The incidence of these ‘fume events’ is difficult to quantify, as commercial aircraft are generally not fitted with equipment for monitoring on-board air quality. There is also significant under-reporting of exposure: for example, the Committee on Toxicity of Chemicals in Food, Consumer Products and the Environment (CoT) have estimated that fume events occur on approximately 0.05% of flights. However, a survey by the British Airline Pilots Association (BALPA) found that up to 96% of the contaminated air events that pilots experience may go unreported to the CAA (Michaelis, 2003), possibly due to lack of awareness, commercial pressure and the perception that exposure to such contaminants is normal and part of their everyday job.

In 2000, to better establish the incidence and outcome of fume events, CoT recommended that the UK DfT commission (1) an air monitoring study of affected aircraft types and (2) a cross-sectional epidemiological study examining neurological outcome in pilots. In 2008 Cranfield University were chosen to undertake the first of these studies. They monitored a total of 100 flights, measuring the levels of several chemical compounds that were present in the cabin during various stages of flight. A number of chemicals were detected over the course of this study, including the organophosphate TCP, carbon monoxide and toluene; all levels were reported to be within safe limits – although it is of note that no aircraft safety standards actually exist with regard to TCP. While this may be reassuring for routine flight safety, no fume events were observed on any of the flights that were monitored (which is not overly surprising given the sample size and the relative rarity of cabin air contamination). As such, the possible exposure that passengers and aircrew may face during a fume event remains unclear.

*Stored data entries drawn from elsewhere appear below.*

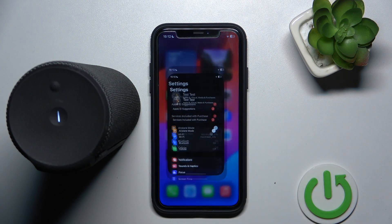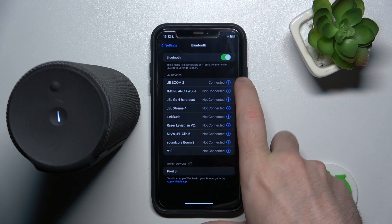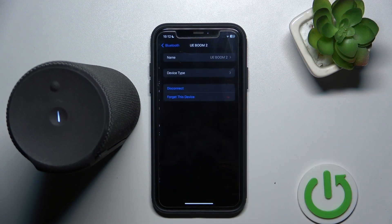You have to start by opening Settings. Go to Bluetooth. Now click on your speaker. Forget this device. And forget device again.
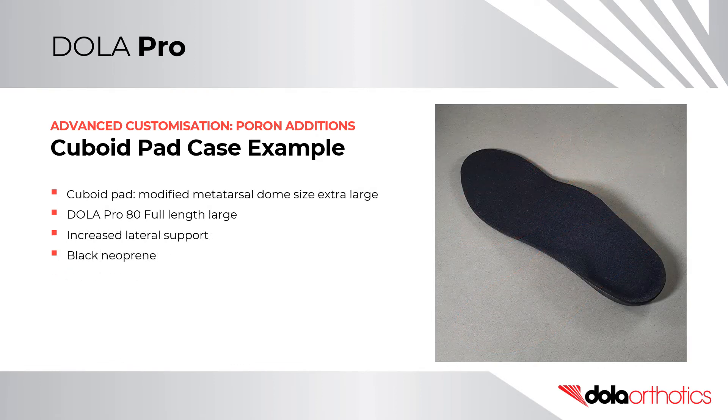In this case example, a size extra-large Poron metatarsal dome was modified for a cuboid pad and was placed on a size large DollarPro 80 medium density full length orthotic shell. A three-quarter length orthotic shell was selected due to the restricted toe box size. The extra-large size dome was selected to support a larger area of the lateral column. The prescription was completed with a black neoprene top cover.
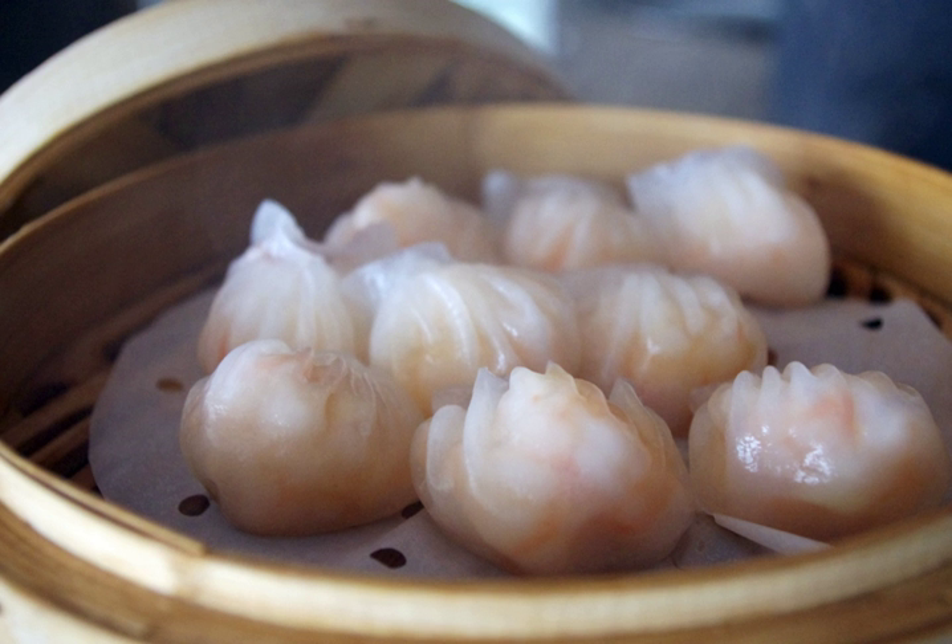The shrimp must be cooked well, but not overcooked. The amount of meat should be generous, yet not so much that it cannot be eaten in one bite.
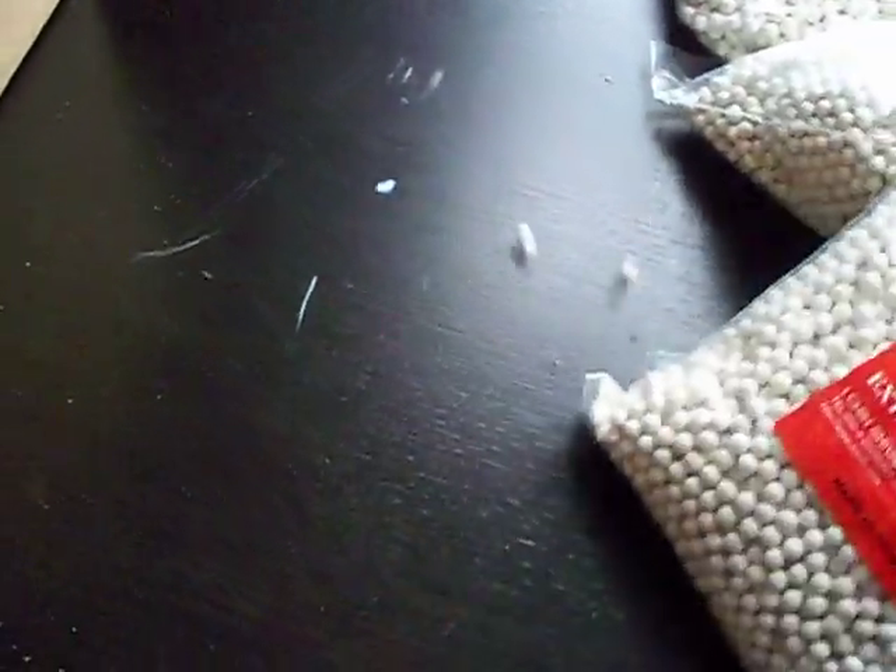Actually, where are those BBs falling from? Oh, yep, there's a hole in a bag right here, but it's no problem.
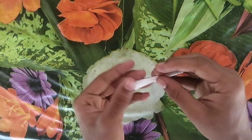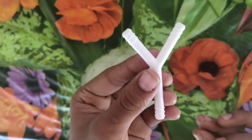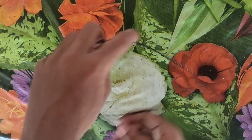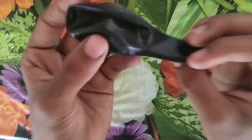This is a white tube. This is an air band. This is a black balloon.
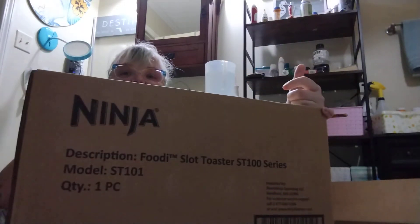It's heavy and I don't know how I'm going to do this. So my roommate bought a Ninja toaster. It's a box inside a box inside a box. Let me get it out of this other box — so there's the Ninja box.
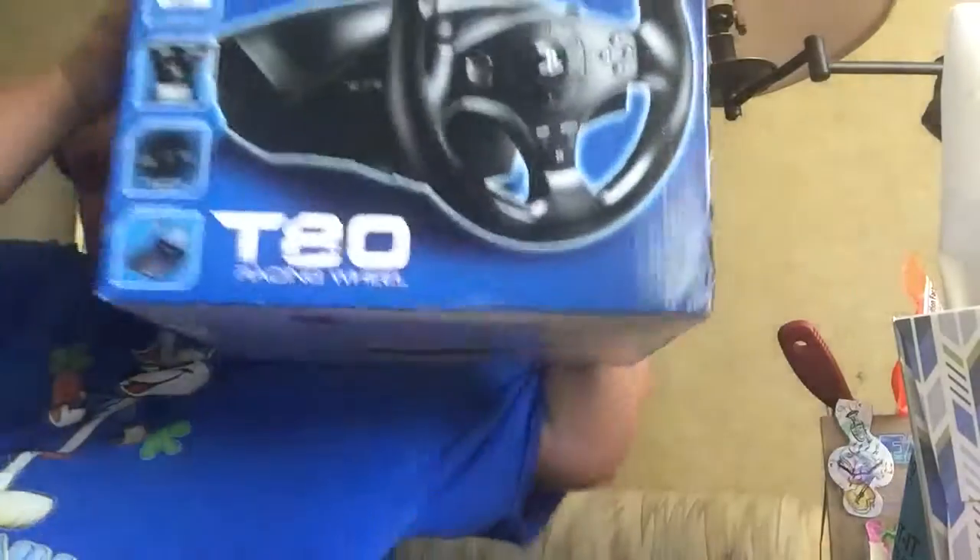Hi everyone, Mike here with you guys once again, and I have another unboxing to share with you all. So I got a steering wheel for PSVR. The reason for it is, there's a kart racing game coming out where you can drive with a steering wheel and use a move controller to throw stuff at your opponents. And I thought that sounds immersive — I'll give it a shot.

So what evidence is there?

Without accurate measures of exposure, it’s very difficult (if not impossible) to reliably establish whether or not there is a relationship between ill-health and exposure to fume events. However, there is some supporting evidence. For example, symptom surveys (e.g. Michaelis, 2003) and case studies of passengers and crew who have been involved in known contamination events (as confirmed by mechanical report) have demonstrated deficits consistent with OP exposure (e.g. Murawski, 2011). Indeed, my own work (in collaboration with colleagues at UCL) has found a cognitive deficit profile in airline pilots similar to that seen in OP exposed farmers (Mackenzie-Ross et al, 2012). In addition, biological markers of possible neurotoxicity have been found in some individuals with these symptom profiles (e.g. Abou-Donia et al, 2013) and at post-mortem (Abou-donia, 2014). However, while these studies may provide evidence consistent with OP exposure, it is still very difficult to claim causation; mainly due to the small sample sizes and correlational findings.

So it seems there is still a large amount of scientific uncertainty regarding the long term effects of inhaling pyrolysed engine oil on human health. However, with the growing pressure from lobbyists (like the Aerotoxic Association), potential legal suits and inquests it seems like we may soon have a more definitive answer to this question. At the end of 2014, the European Aviation Safety Agency launched a Preliminary Cabin Air Quality Measurement Campaign, which should allow for the funding and development of instruments that may be able to monitor air quality in real time. In addition, biomarkers for exposure to TCP have recently been developed by researchers from the Universities of Washington and Nebraska. Given these advancements, we may not be far away from establishing a valid and reliable measurement of exposure. Once that has been achieved, establishing whether a potential link between ill health and exposure truly exists should be the logical next step.